For fans of Linda Sue Park and A Long Way Gone, two young boys must escape a life of slavery in modern-day Ivory Coast

Fifteen-year-old Amadou counts the things that matter. For two years what has mattered are the number of cacao pods he and his younger brother, Seydou, can chop down in a day. This number is very important. The higher the number the safer they are because the bosses won’t beat them. The higher the number the closer they are to paying off their debt and returning home to Baba and Auntie. Maybe. The problem is Amadou doesn’t know how much he and Seydou owe, and the bosses won’t tell him. The boys only wanted to make some money during the dry season to help their impoverished family. Instead they were tricked into forced labor on a plantation in the Ivory Coast; they spend day after day living on little food and harvesting beans in the hot sun—dangerous, backbreaking work. With no hope of escape, all they can do is try their best to stay alive—until Khadija comes into their lives.
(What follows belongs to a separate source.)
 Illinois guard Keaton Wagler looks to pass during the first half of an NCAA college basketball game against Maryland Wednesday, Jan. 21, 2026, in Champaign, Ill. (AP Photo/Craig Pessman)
She’s the first girl who’s ever come to camp, and she’s a wild thing. She fights bravely every day, attempting escape again and again, reminding Amadou what it means to be free. But finally, the bosses break her, and what happens next to the brother he has always tried to protect almost breaks Amadou. The old impulse to run is suddenly awakened. The three band together as family and try just once more to escape.

Amazon | IndieBound | Goodreads

About the Author

Tara Sullivan was born in India and spent her childhood living in Bangladesh, Ecuador, Bolivia, and the Dominican Republic with her parents who were international aid workers. She received a BA in Spanish Literature and Cognitive Science from the University of Virginia, and a MA in Latin American Studies and an MPA in Non-Profit Management from Indiana University.

Her first book, GOLDEN BOY, was selected as a top-ten book of 2013 by YALSA, Kirkus reviews, and the Wall Street Journal. It is the winner of the 2014 Notable Social Studies Trade Books for Young People Award. Her second novel, THE BITTER SIDE OF SWEET, is due out from G.P.Putnam/Penguin in early 2016

1 comment:

  1. Ooh, this looks like a very good book. And I completely agree with the advice to keep writing. One of my high school English teachers said the same to me and I haven't forgotten it.